There is big money in eel smuggling. The illegal global trade in European eels is worth up to £2.5 billion each year. In February this year, Gilbert Khoo, a Malaysian-born seafood trader, was convicted of moving £53 million worth of eels through the UK. Between 2015 and 2017, Khoo snuck 6.5 tons of live baby eels – called ‘glass eels’ – past British border force agents. The eels were caught off the coast of Spain. Khoo then shipped them into the UK and stashed them in a warehouse in Gloucestershire, before flying them out to Hong Kong. There, they were destined for clandestine Chinese farms where they would be reared for dining tables across South-East Asia and beyond.
It has been illegal to move the critically endangered European eel, Anguilla anguilla, outside of the EU since 2010. And even inside Europe, where the transport of European eels and sale of their meat is legal, the trade is tightly regulated. Khoo, though, pleaded ignorance to the authorities: he claimed simply to be a middleman for buying and selling seafood. But, like Al Capone, his operation was undone through shoddy paperwork – an investigation by the National Crime Agency (NCA) found Khoo had been routinely mislabelling containers of fish. And when NCA agents cracked open one of his shipments at Heathrow Airport on February 15, 2017, they discovered 200 kilos of glass eels hidden beneath a load of chilled fish. Khoo was arrested on February 23 as he stepped off a plane from Hong Kong. He was sentenced on March 6 to a two-year suspended prison sentence.

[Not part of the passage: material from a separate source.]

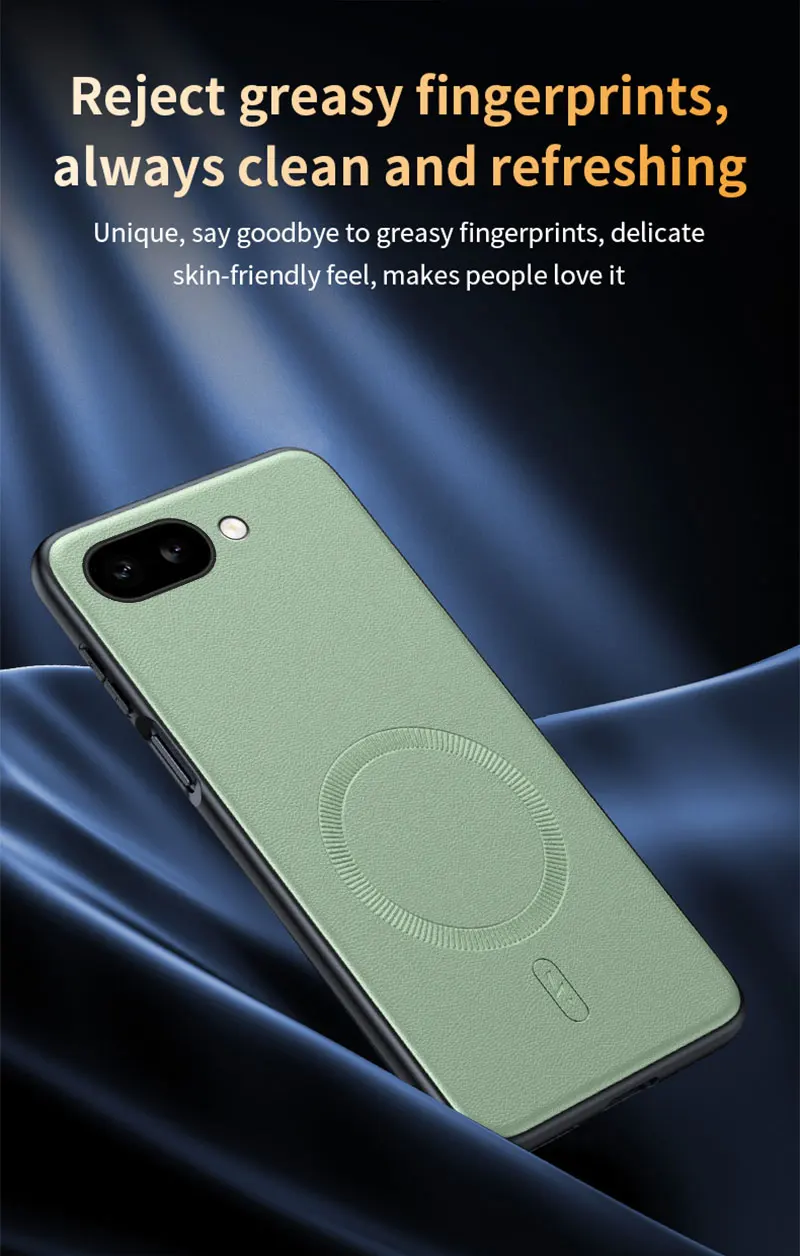 Für Pixel 9a Hülle Magnetische Leder-Schutzhülle für Google Pixel 9a Anti-Fingerabdruck Rutschfeste PC+TPU – Detail 17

Since Khoo’s arrest, eel smugglers have grown cannier. “The cat and mouse game between authorities and traffickers has intensified in the last few years,” says Andrew Kerr, chairman of the Sustainable Eel Group (SEG), and an expert witness at the Khoo trial. Eel traffickers initially transported illegal fish alongside legitimate catch, mislabelling shipments and forging permits. When young, eels look so similar it is impossible without a DNA test to tell the difference between illegal species – like the endangered European eel – and legal fish, such as the short-finned eel. But as law enforcement began to grow wise to these tactics, the smugglers upped their game.
‘Pop-up’ eel stations emerged: disposable properties rented close to where the glass eels were caught so they could be prepared for transport. And traffickers switched from large, easily-inspected containers to portable luggage. Like pet shop goldfish, thousands of writhing glass eels were transported in plastic bags full of water. Airport scanners didn’t automatically flag these bags as suspicious – they looked like bundles of clothes, and security staff were not trained to spot them. The smuggling gangs also realised court proceedings were rarely brought for values less than €50,000 (£45,600). They could stuff suitcases with up to 50,000 glass eel specimens, and usually get away with it.
Until recently, that is. Enforcement has grown tougher. Working with Europol, SEG tracks the number of smugglers arrested during each fishing season, which runs from October to April. This year, 108 were hooked – slightly down on 2018-19 when it was 153, but a big improvement on 2014-15 when only 48 were caught. But these arrests are only “the tip of the iceberg,” warns Kerr. So far, none of the kingpins who control the trade from Hong Kong and mainland China have been netted.
This is very bad news for the European eel. Attempts to breed them in captivity have proved unsuccessful – every eel that ends up in restaurants and supermarkets comes from the same vulnerable wild stocks. And with up to 25 per cent of the glass eel population being trafficked to Asia each year, the trade is deeply unsustainable. It threatens the long-term survival of the species as well as the ecosystems which depend upon them for food. But it also endangers the livelihoods of the farmers, fishermen and smokers who have processed eels for hundreds of years, a vital tradition in Atlantic coastal communities. “If we don’t sort this smuggling out, then the plug is pulled and the water is draining away,” Kerr says.